The government has initiated a trial programme with Toyota for the deployment of car-to-infrastructure technology, comprising traffic lights that can communicate with vehicles.
News.com.au reports that communication towers at 20 intersections in Aichi and Tokyo prefectures were set up during the trial programme.
Upon the completion of the trial phase, around 50 billion towers will be deployed across the country by March 2016, focussing on areas where major accidents tend to occur.
The technology will also be installed at some freeway on and off ramps.
The towers will issue warnings to drivers if they are entering a side street with a pedestrian crossing.
According to government figures, approximately 45% of accidents occur near intersections, most of which tend to involve elderly citizens. The technology will therefore issue alerts to drivers turning at an intersection about the approaching vehicle that may have been obscured from view due to traffic.

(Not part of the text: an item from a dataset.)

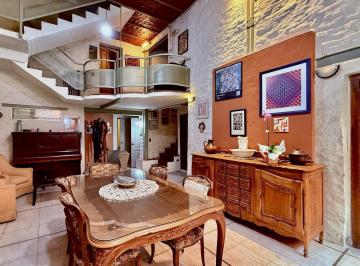 Casa · 350m² · 6 Ambientes · 1 Cochera · Venta Casa 6 Ambientes Dependencia Cochera Villa Crespo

The instrument panel will flash a warning signal in the event drivers lift their foot off the brake and are likely to collide with an oncoming vehicle, as well as an alert to reduce speed when approaching a red light, providing ample time for drivers to stop in time.
Although Toyota is the initial partner in implementing this technology, the government intends to make the technology available to other car manufacturers as well.
Toyota also plans to expand its radar-based monitoring and wireless communication, which will enable vehicles to communicate to each other.